After leaving the Burren in County Clare, my sister and I made our way to our second destination: Doolin. Doolin is a small seaside village on the west coast of Ireland along the Wild Atlantic Way. It is known around the world as the traditional music capital of Ireland and that is what drew us to stay there while visiting the Cliffs of Moher.
There are only a handful of pubs and shops in Doolin and I could tell most of the people in the town were tourists and backpackers. However, it was a fun place to spend a few rainy days and its proximity to the cliffs was unbeatable.
Our first night in Doolin, we attempted to get some food at the local pub, Gus O’Connor’s, only to walk into a jam-packed bar with standing room only. We got some drinks and stood for a while, listening to the traditional Irish music, but we left early that night. The next day, we planned better and got to the pub early enough to get a seat right next to the band! It was great to relax with a drink while listening to them play.
On our last day in Doolin, the rain had finally stopped long enough for us to take our cruise out to the Aran Islands. The Aran Islands are interesting culturally because they are a Gaeltacht, which simply means that Irish Gaelic is the primary language. We visited the smallest island of the three, Inis Oírr.
The minute Laurel and I stepped off the ferry, we were greeted by a man asking if we wanted to take a pony tour around the island. It was relatively cheap, so we said yes! Our driver was training a younger boy named Patrick whose family owns much of the island. Together, Patrick and his trainer made amusing, but very knowledgeable tour guides.
As we trotted along the road, they pointed out all the best sights, along with the unique characteristics of the island. The landscape was originally similar to that of the Burren, but farmers on the island cleared away as many rocks as they could to make room for their fields.
After our pony tour ended, Laurel and I explored the island on foot for a bit. The castle on the island was built in the 14th century and is one of the oldest ruins on the islands. And the sandy beach is one of the best places to swim with the possibility of seeing dolphins. We actually saw a couple dolphins while we were there!

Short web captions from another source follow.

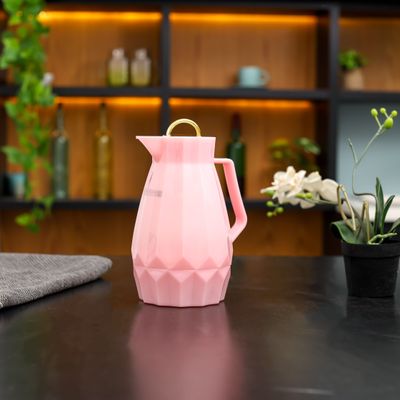 Royalford 1000 ML Vacuum Flask- RF12131| With Pink Glass Inner and PP Outer Body| Keeps Your Drinks Hot or Cold, Asbestos-Free and Hygienic| Leak-Proof and Portable Design| Suitable for Indoor and Outdoor Use| Pink and Golden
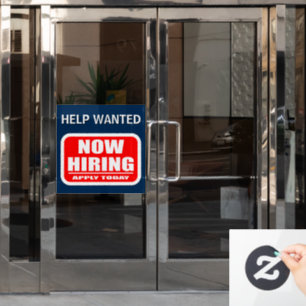 Now Hiring Help Wanted Job Vacancy Announcement Window Cling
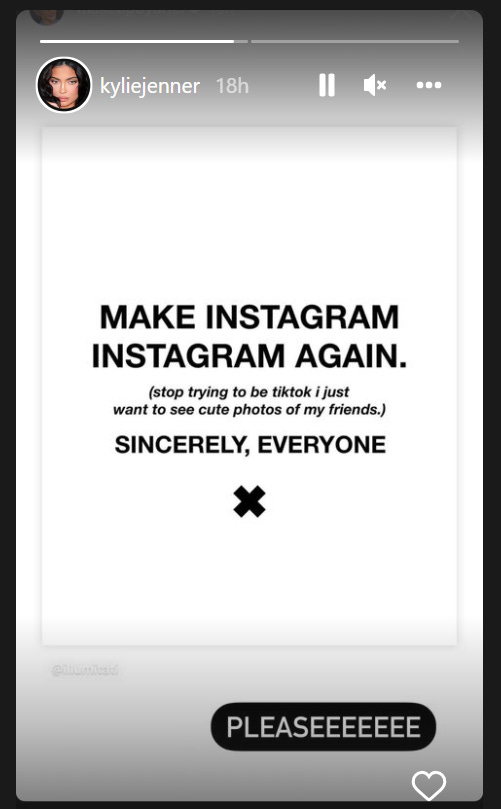 Kim Kardashian, Kylie Jenner Tell Instagram to Stop Copying TikTok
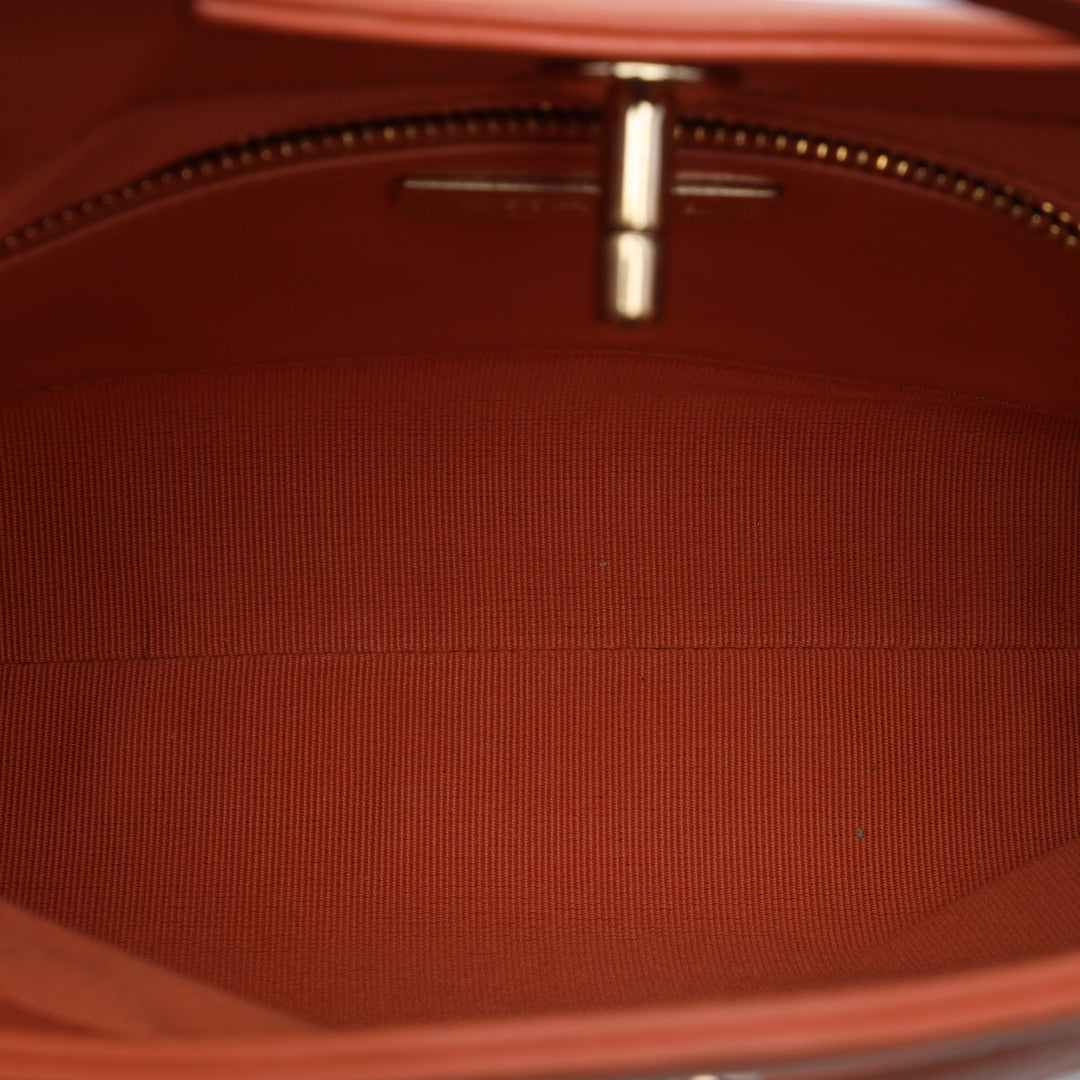 brillant Froissé 31 Cabas Mini Cuir de veau Orange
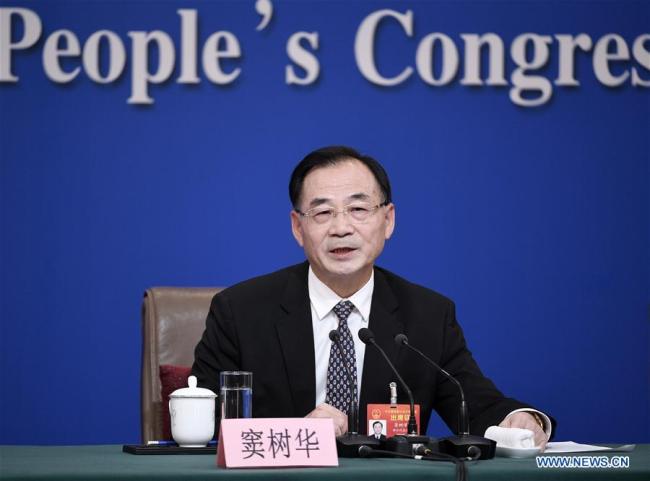 Dou Shuhua, vice chairman of the Natural Resource and Environmental Protection Committee of the National People's Congress (NPC), answers questions during a press conference on the supervision work by the NPC for the second session of the 13th NPC in Beijing, March 10, 2019. [Photo: Xinhua]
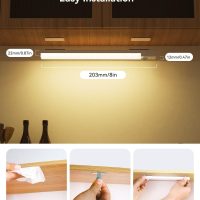 Under Cabinet Lighting 8 Inches Rechargeable Motion Sensor Light Indoor, 3 Color Dimmable Closet Light Battery Operated, USB Stick on LED Magnetic Under Counter Lights for Kitchen Stair, 3 Packs - Image 4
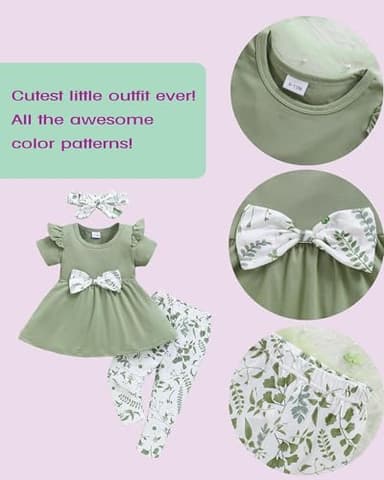 Doresbebe 18-24 Months Baby Girl Clothes Toddler Girl Outfits Floral Shirt Pants Infant Spring Summer Little Clothes Green - Image 5
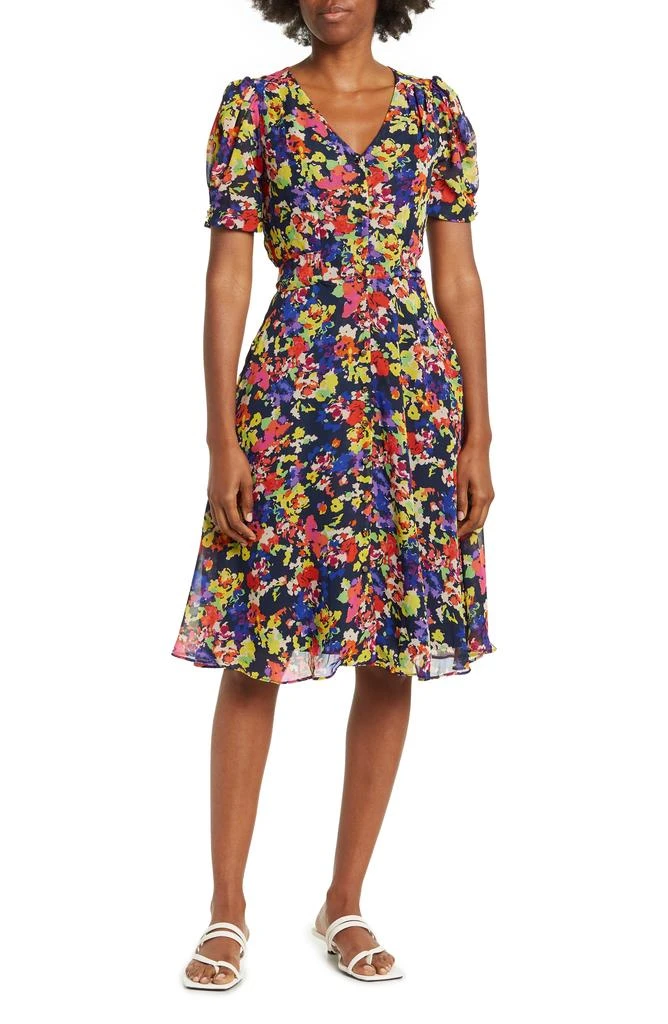 julia jordan Floral Puff Sleeve Button Front Midi Dress 1
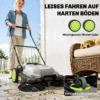 Ehrmaschine Manuell Mit 68 Cm Kehrbreite, 24 L Schmutzbehälter, Höhenverstellbar Klappbar Griff 3 Bürsten Kehrsystem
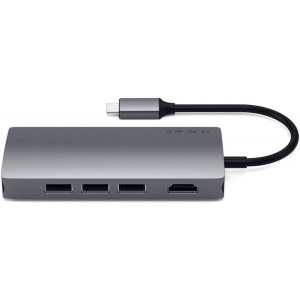 Satechi USB-C Multiport 1x HDMI 4K, 3x USB 3.0, 1x microSD, 1x Ethernet V2, Space Grey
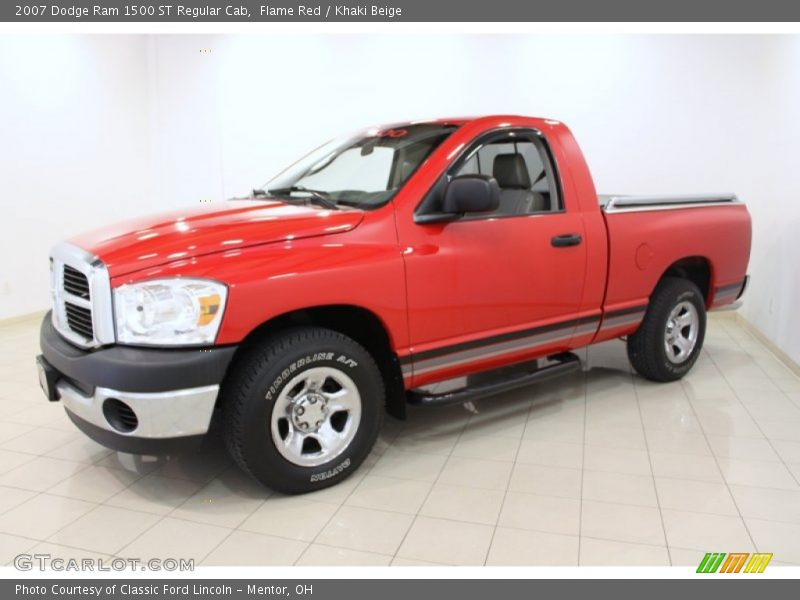 Flame Red / Khaki Beige 2007 Dodge Ram 1500 ST Regular Cab
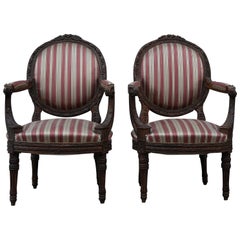 19th Century Pair of Louis XVI Armchairs Carved with Spring Padding, 1800s
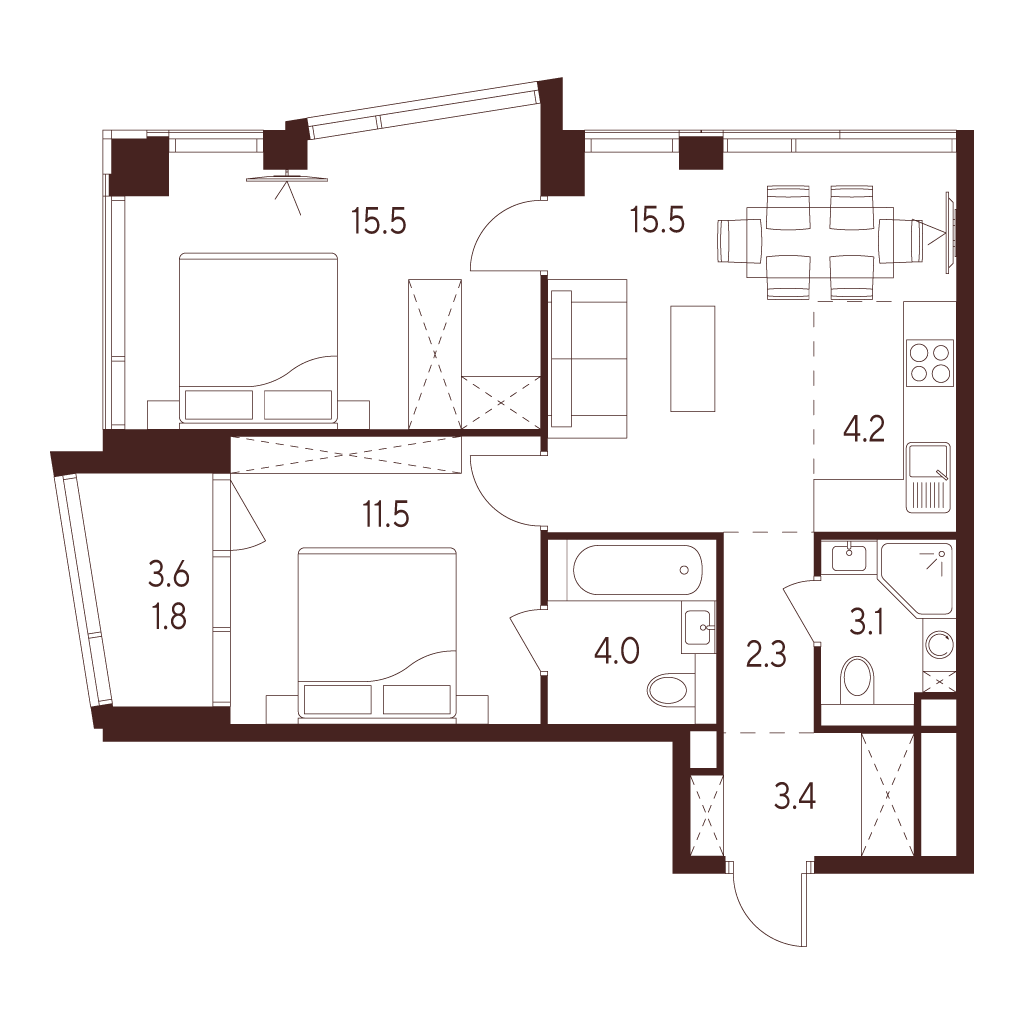 3 комн. квартира, 61.3 м², 13 этаж 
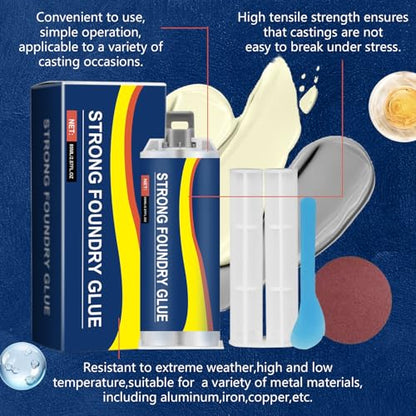 Strong Foundry Glue, Metal Repair Glue,High Temperature Resistant Casting Repair, Magic Welding Glues Premium Liquid Welding Filler for Metal Defects and Repairs(2Pcs-85ml)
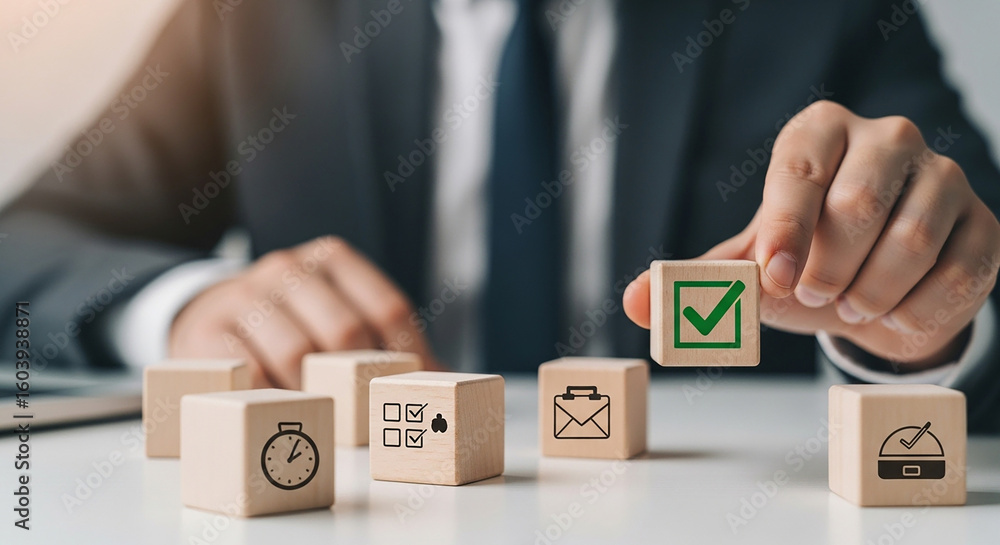 Poster businessman placing cube with approval icon in row representing business decision project completion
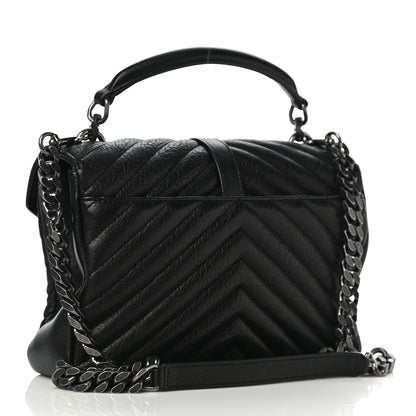 Saint Laurent Sheepskin Matelasse Chevron Monogram Medium College Bag Black 2 of 12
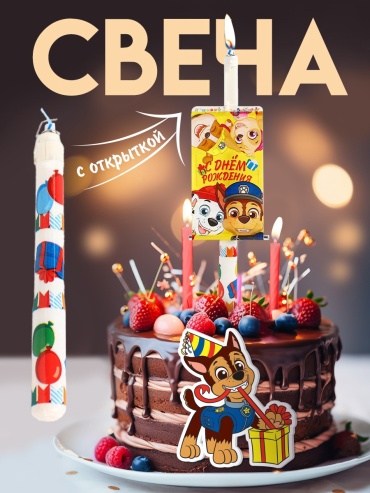 Свеча PAW Patrol цилиндр, 1 шт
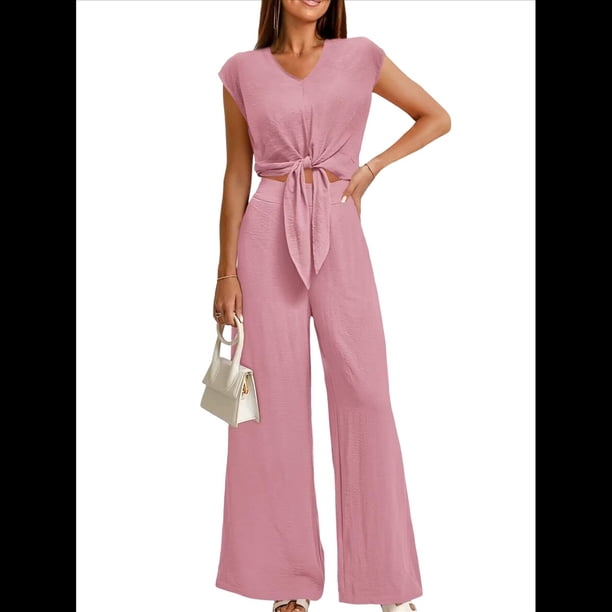 Conjuntos de Dos Piezas de Verano para Mujer 2025, Top Corto con Cinturón, Mangas y Cuello en V, Pantalones Anchos, Chándal Informal. Rosa L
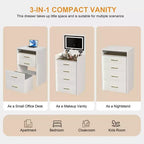 3-in-1 Flip Mirror Vanity Desk & Nightstand, Compact with Storage, Glass Top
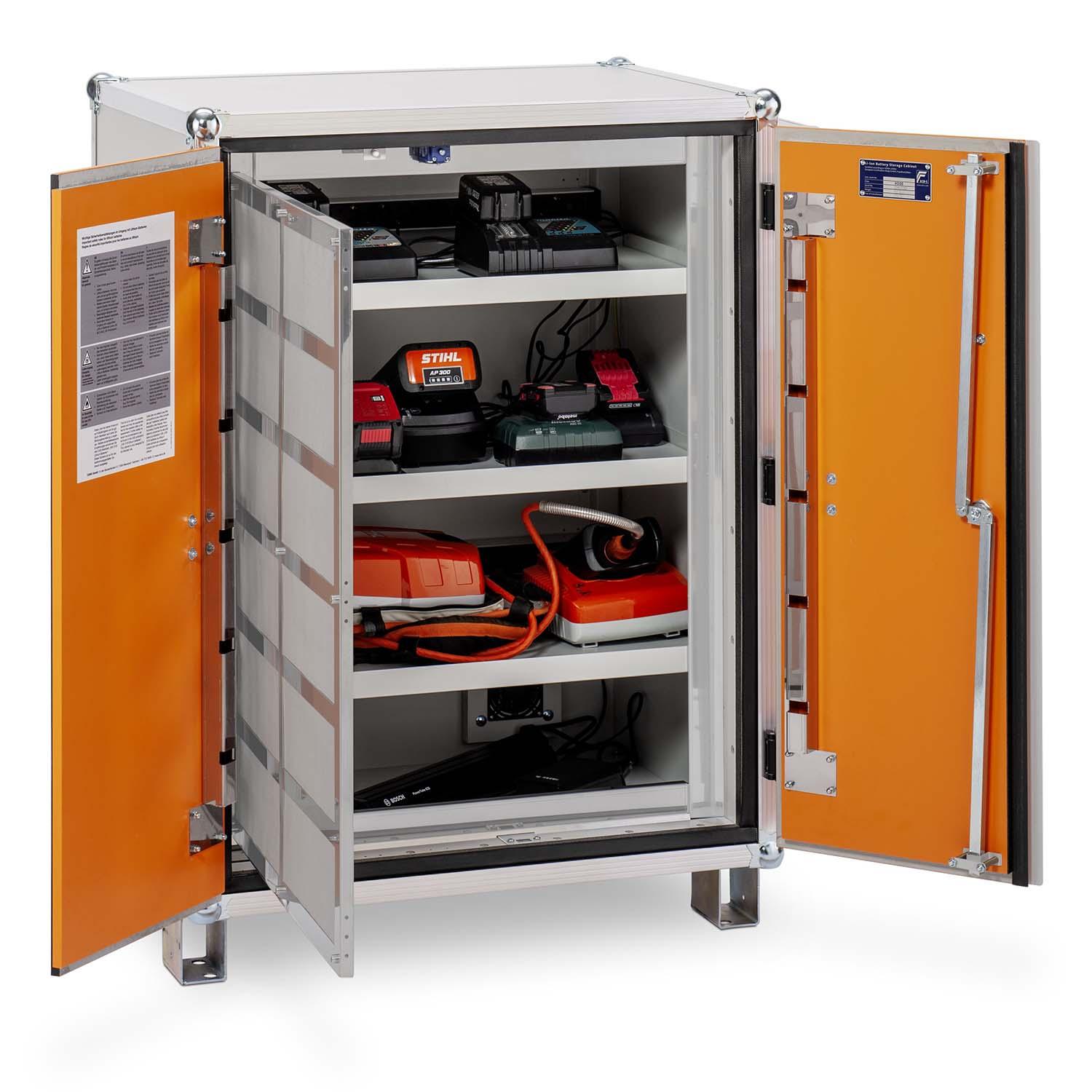 Lithium-Ionen-Akku-Ladeschrank premiumPLUS 8/10, Rauchmelder, mit Füßen, lockEX 2.0, VDMA-zertifiziert, BMA und Fernalarm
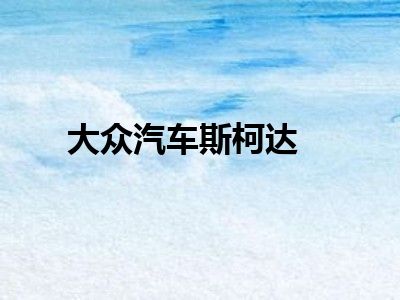 大众汽车斯柯达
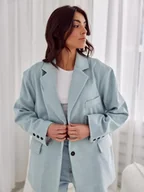 Marynarki i żakiety damskie - Marynarka Arya miętowa oversize w jodełkę polska produkcja - Roco - miniaturka - grafika 1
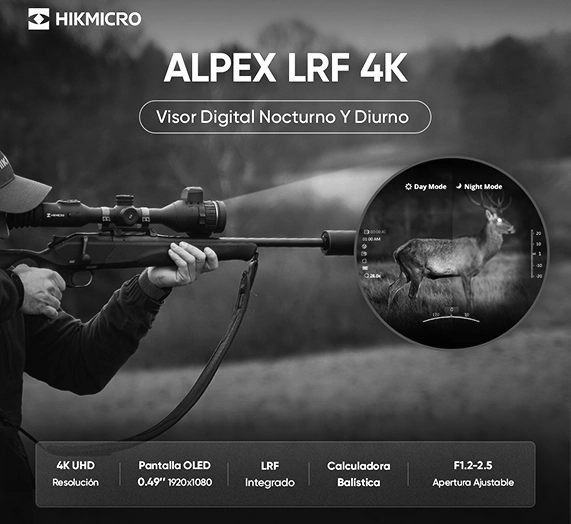 VISOR DIGITAL HIKMICRO ALPEX LRF 4K A50EL NOCTURNO Y DIURNO CON TELÉMETRO visores nocturnos caza y defensa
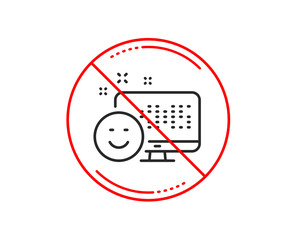 Fototapeta premium No or stop sign. Smile line icon. Positive feedback rating sign. Customer satisfaction symbol. Caution prohibited ban stop symbol. No icon design. Vector
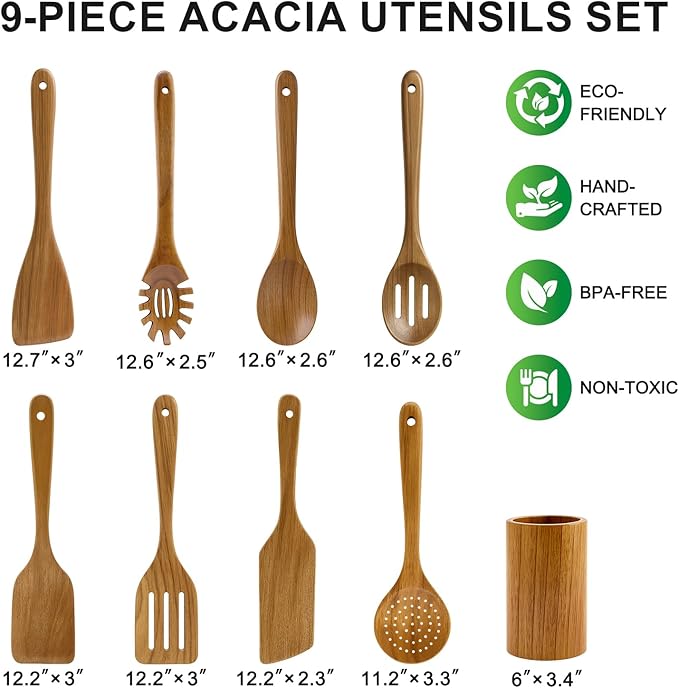 9 Pack Best Wooden Spoons Non Toxic Cooking Utensil Set with Utensils Holder Kitchen Slotted Turner Spatula Set Acacia Wood Utensils for Cooking Spoon Scraper Spurtle Bamboo Flat Egg Flipper Spatulas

Eventually, though, we had to leave the island. So we got back on the boat to continue our cruise, viewing the Cliffs of Moher from the water. It really is the best way to experience the cliffs and to get a sense of how great they are.
We spent that night in Galway City and in the morning, we woke up to another sunny day. We woke up early so we could walk around the Latin Quarter while it was less busy.
The top picture is the Spanish Arch, one of Galway’s top attractions. I’m not sure why it’s called the Spanish Arch, but apparently it was originally an extension of the city wall built to protect the quay.
Galway was fun with its lively atmosphere and brightly colored buildings, but I was excited to move on to the next leg of our journey. My final post about Ireland’s Wild Atlantic Way will be dedicated to Connemara, the rugged mountainous region to the north-west of Galway.